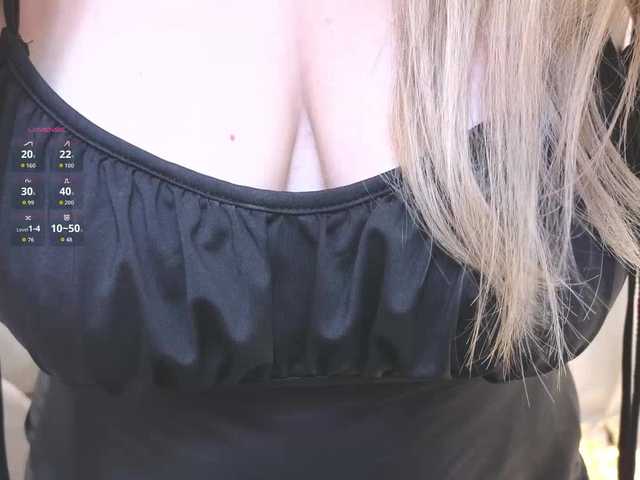 AmieHerry live cam on BongaCams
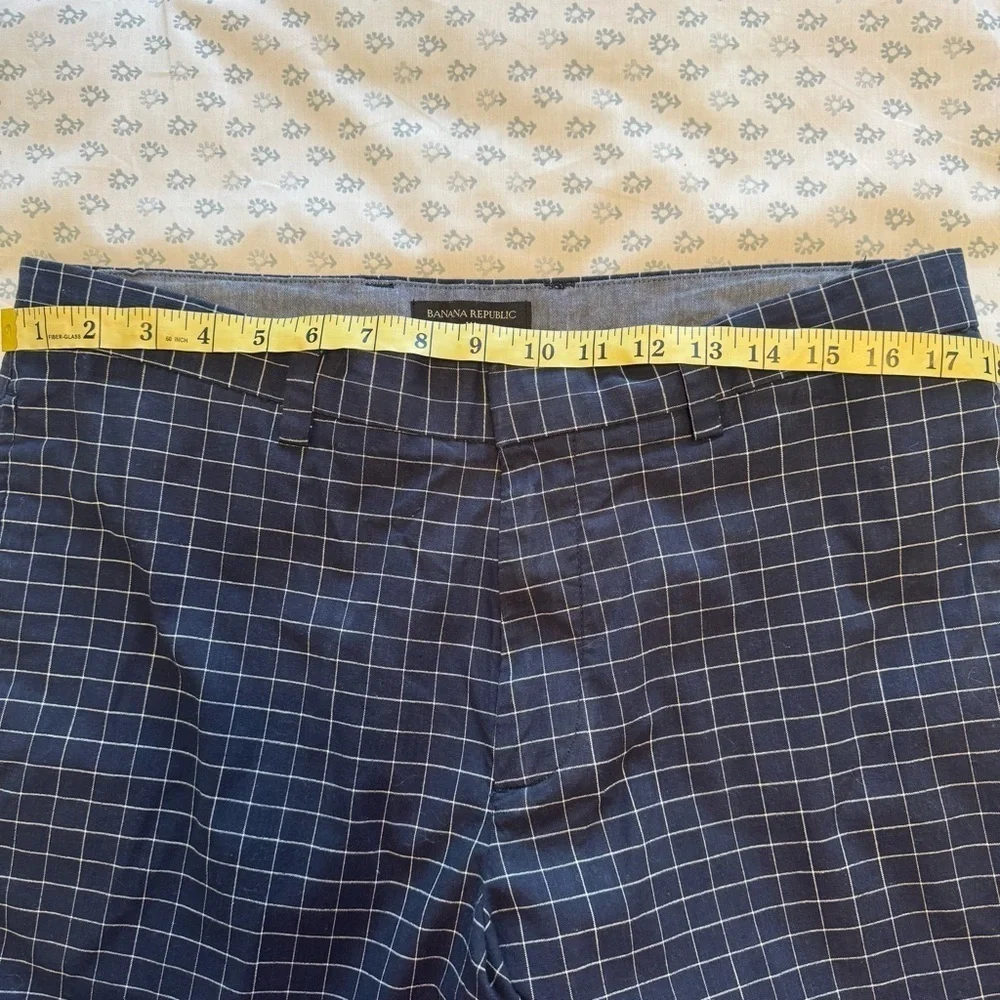 Banana Republic Men's Aiden Club Navy and White Checkered Size 34 Shorts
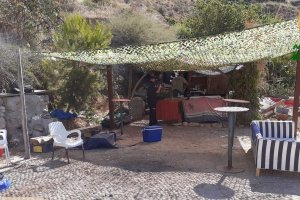 Chiringuito ilegal de la Cala de San Pedro.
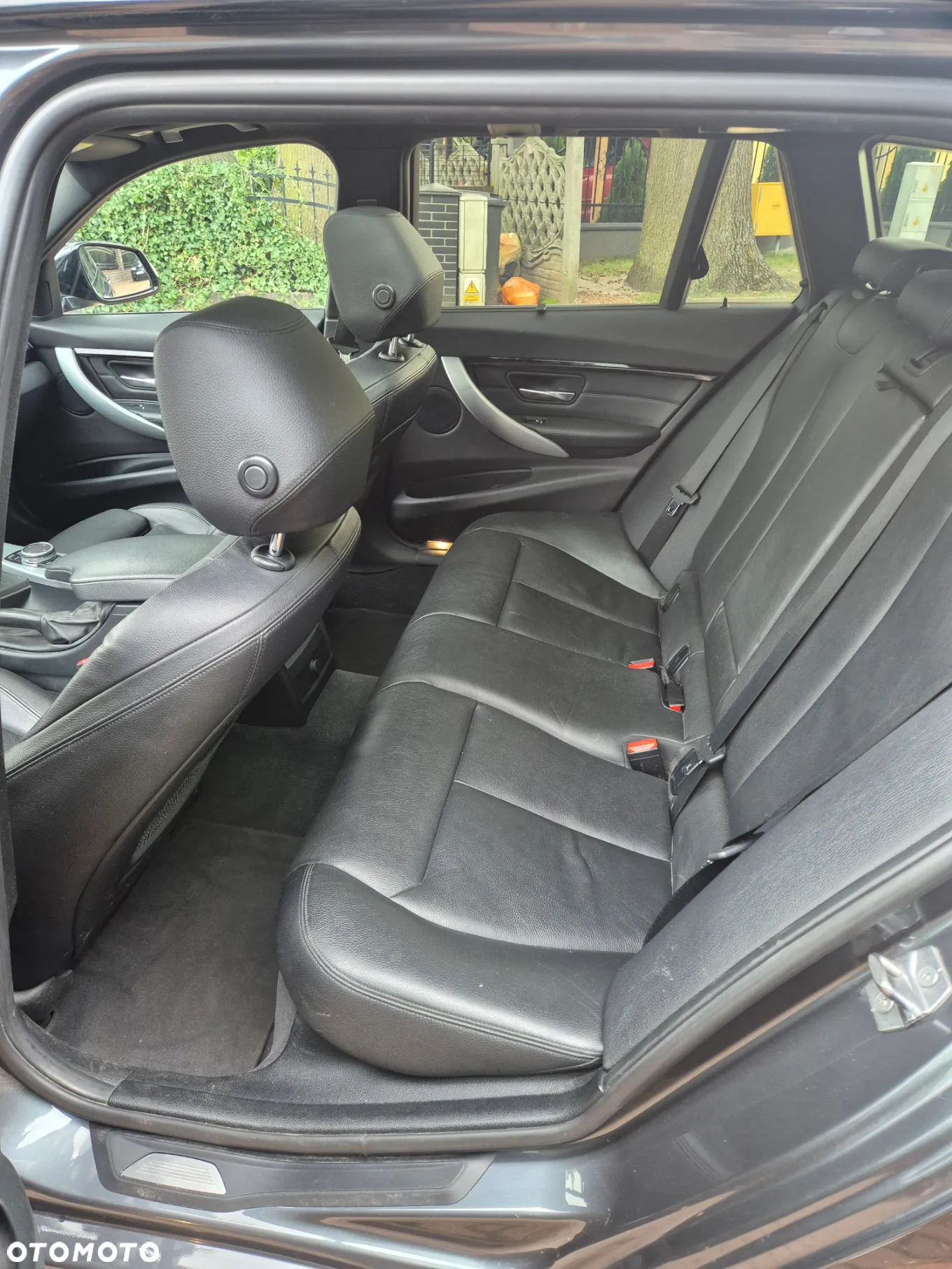 BMW Seria 3 320d Touring Edition M Sport Shadow - 6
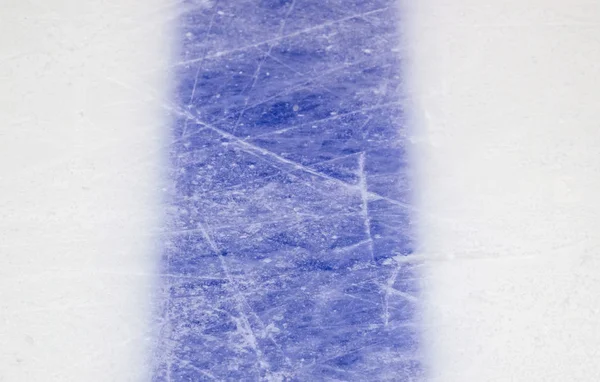 Ice Bakgrund Med Märken Från Skridskoåkning Och Ishockey Blå Textur — Stockfoto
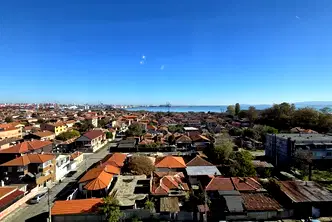 Тристаен апартамент с две тераси в кв. Победа, Бургас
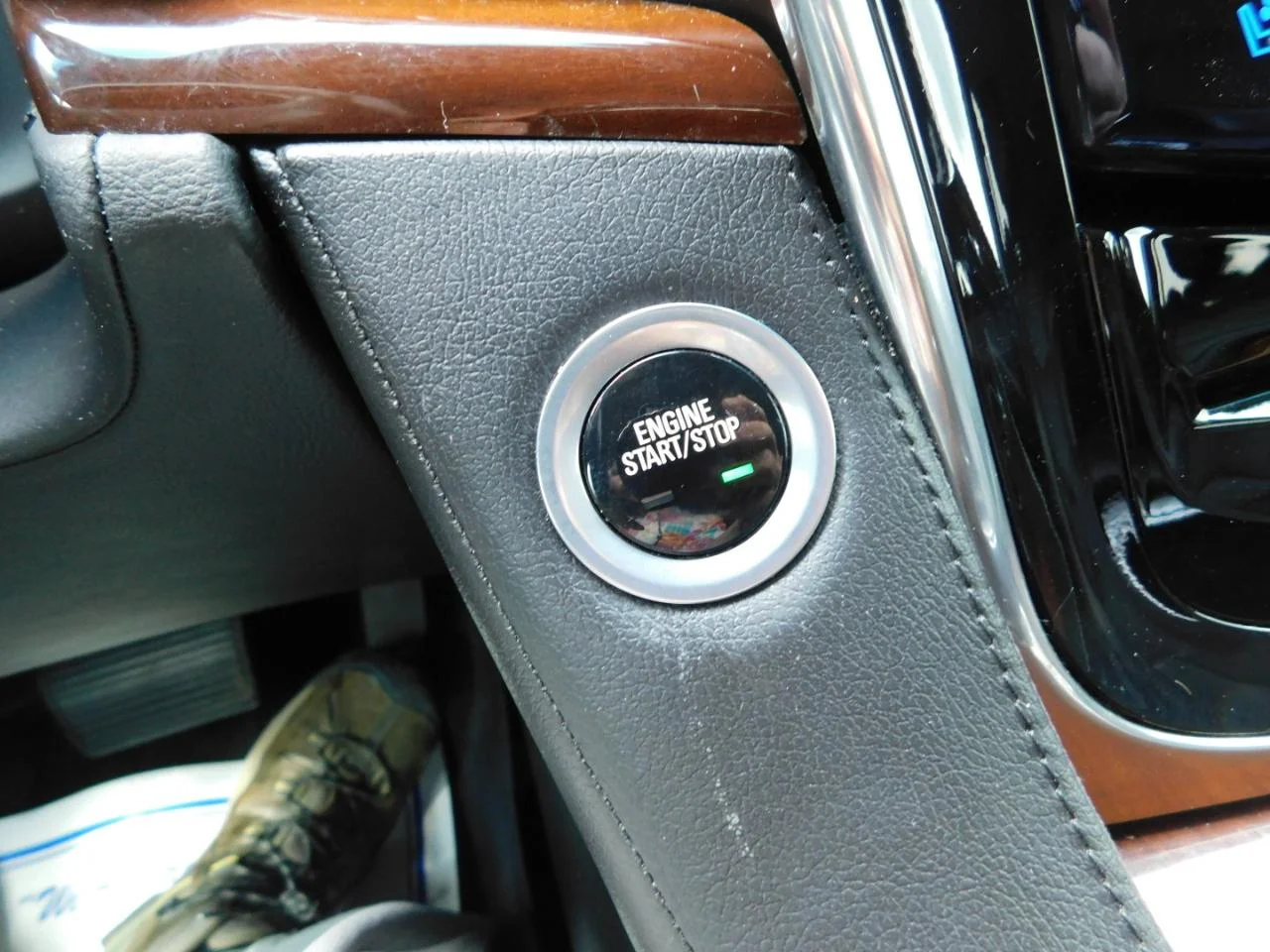 Used 2018 Black Cadillac 2WD 4dr Luxury image 44
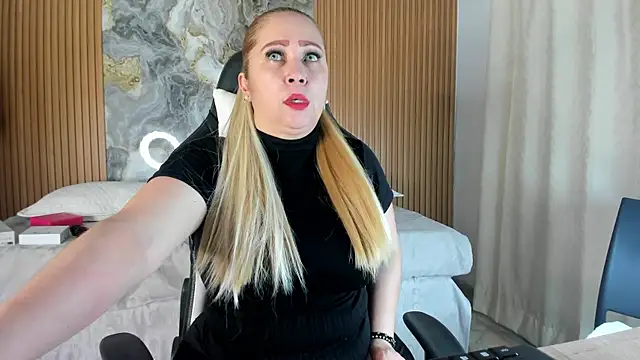 Danna topless online show from December 5, 12:17 pm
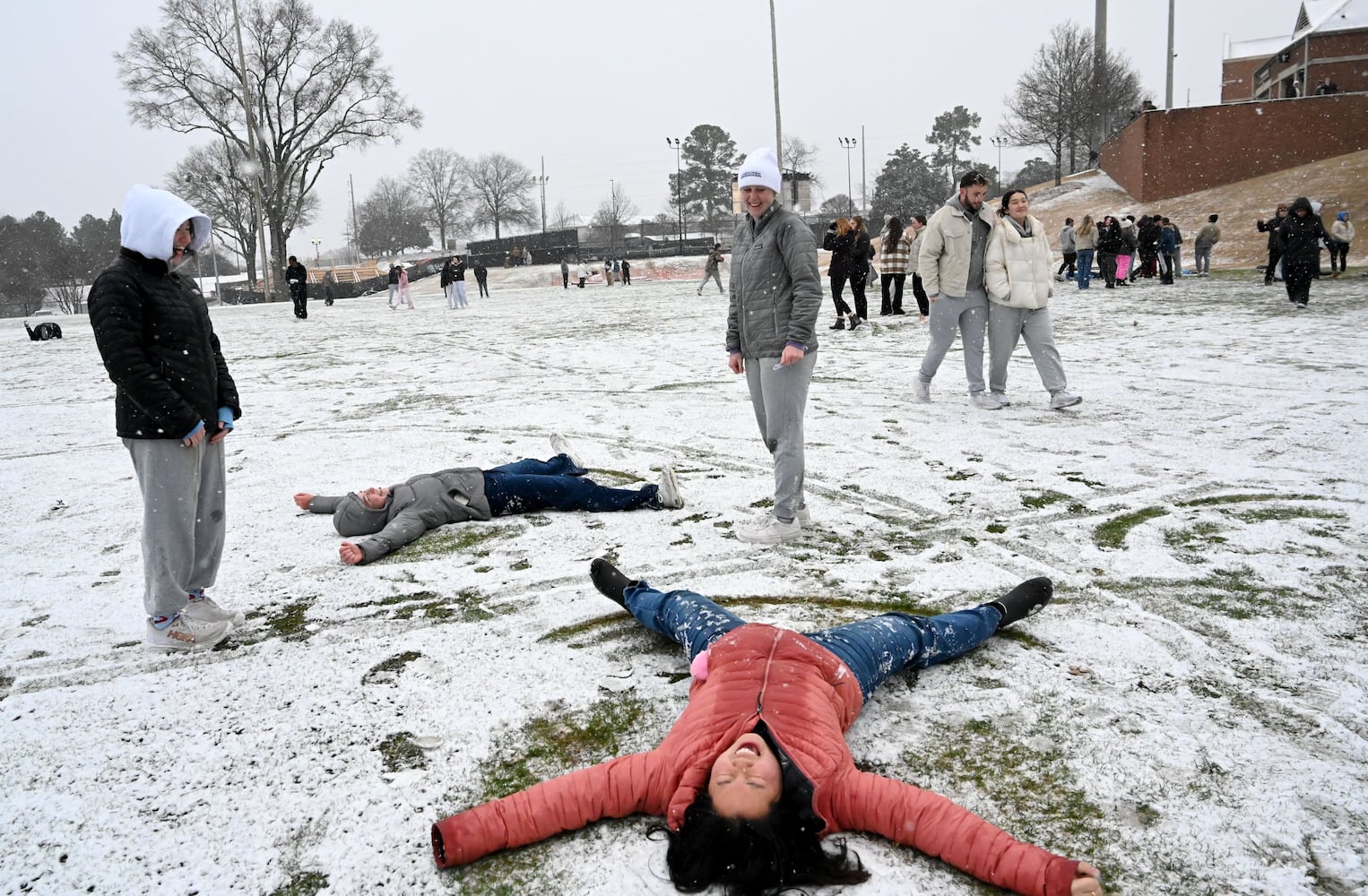 Photos: Snow, ice spreads in Georgia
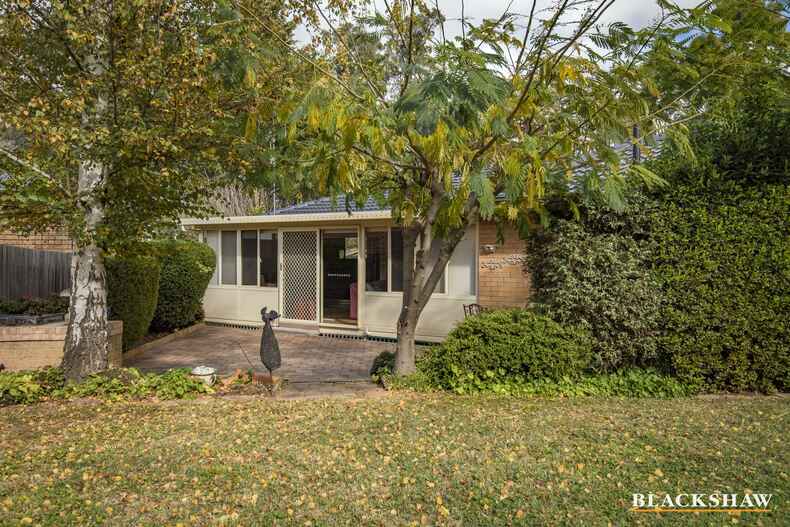 244 Southern Cross Drive Latham 244 Southern Cross Drive Latham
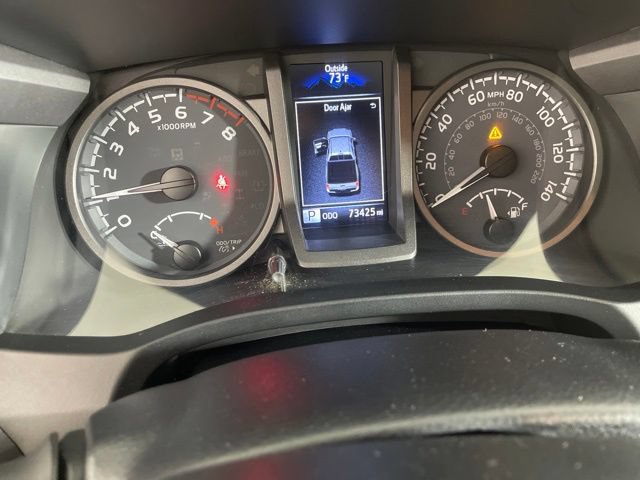 Used 2021 Toyota Tacoma TRD Off-Road w/ TRD Premium Off Road Package AWD/4WD image 26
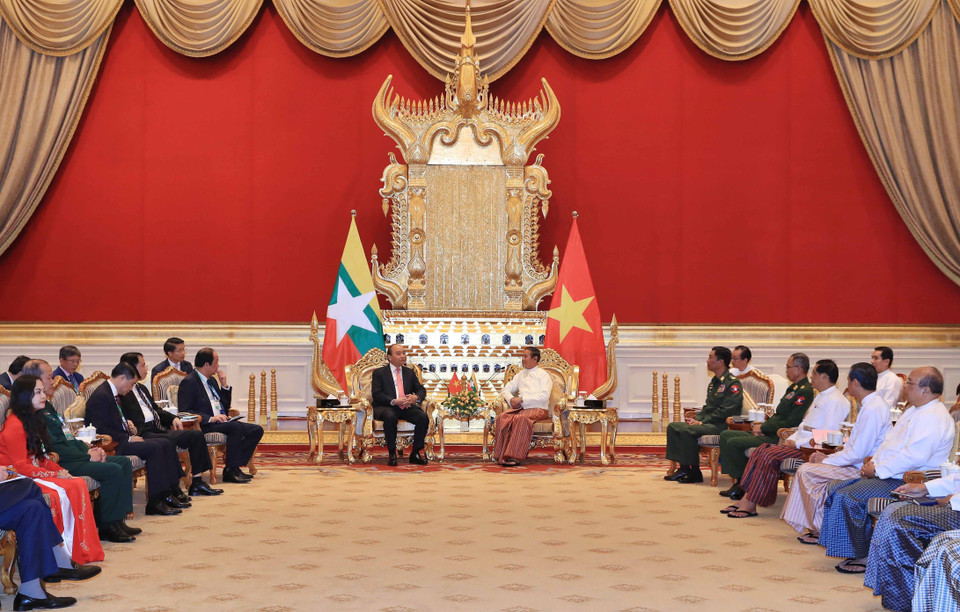 缅甸总统吴温敏会见了阮春福总理。越通社记者 统一 摄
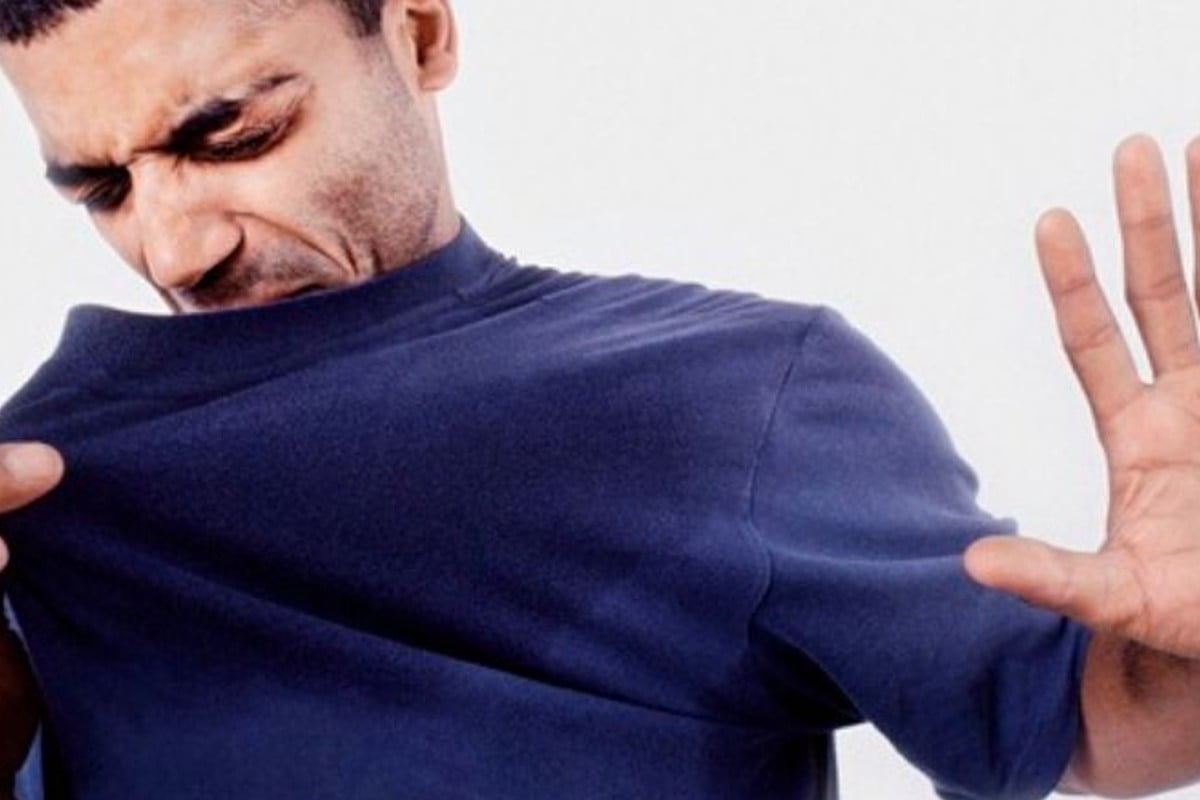 odore di sudore sui panni puzza di sudore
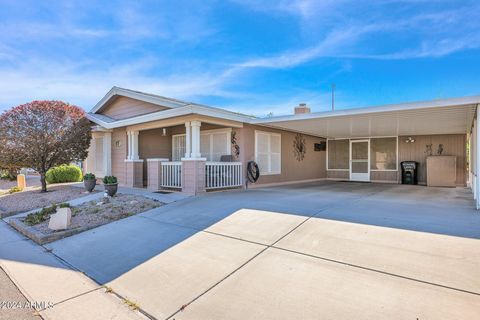 Beautiful 3 Bedroom, 2 Bath home in Guard Gated 55+ Community at Crescent Run. If you are looking for tons of living and outdoor space, views, and an abundance of on-site amenities this one is for you! Home boasts of split floorplan, 2-way fireplace,...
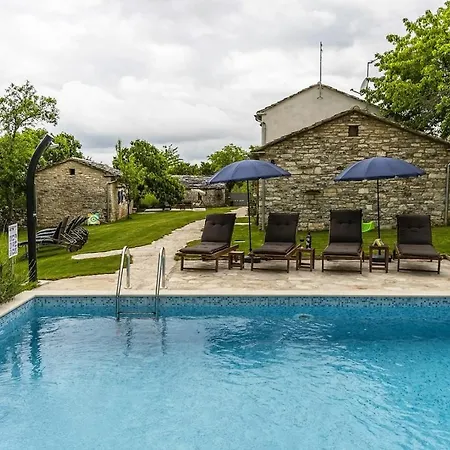 ヴィラ Attractive Stone M-mate With Pool - Privacy Guaranteed *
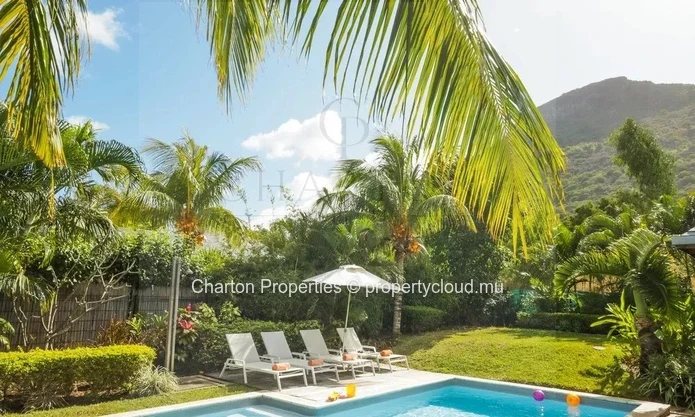 An exceptional villa, a confidential address in the heart of Tamarin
--*--
TASK PROMPT:
Pictures are not part of the copy. Reproduce the lines from the one with "Banana Republic Men's" through the end of the listing above.

TASK RESPONSE:
 Banana Republic Men's Aiden Club Navy and White Checkered Size 34 Shorts
 Chiringuito ilegal de la Cala de San Pedro.
 BMW Seria 3 320d Touring Edition M Sport Shadow - 6
 Ice Bakgrund Med Märken Från Skridskoåkning Och Ishockey Blå Textur — Stockfoto
 Тристаен апартамент с две тераси в кв. Победа, Бургас
 Used 2018 Black Cadillac 2WD 4dr Luxury image 44
 Danna topless online show from December 5, 12:17 pm
 Photos: Snow, ice spreads in Georgia
 244 Southern Cross Drive Latham 244 Southern Cross Drive Latham
 Used 2021 Toyota Tacoma TRD Off-Road w/ TRD Premium Off Road Package AWD/4WD image 26
 缅甸总统吴温敏会见了阮春福总理。越通社记者 统一 摄
 odore di sudore sui panni puzza di sudore
 Beautiful 3 Bedroom, 2 Bath home in Guard Gated 55+ Community at Crescent Run. If you are looking for tons of living and outdoor space, views, and an abundance of on-site amenities this one is for you! Home boasts of split floorplan, 2-way fireplace,...
 ヴィラ Attractive Stone M-mate With Pool - Privacy Guaranteed *
 An exceptional villa, a confidential address in the heart of Tamarin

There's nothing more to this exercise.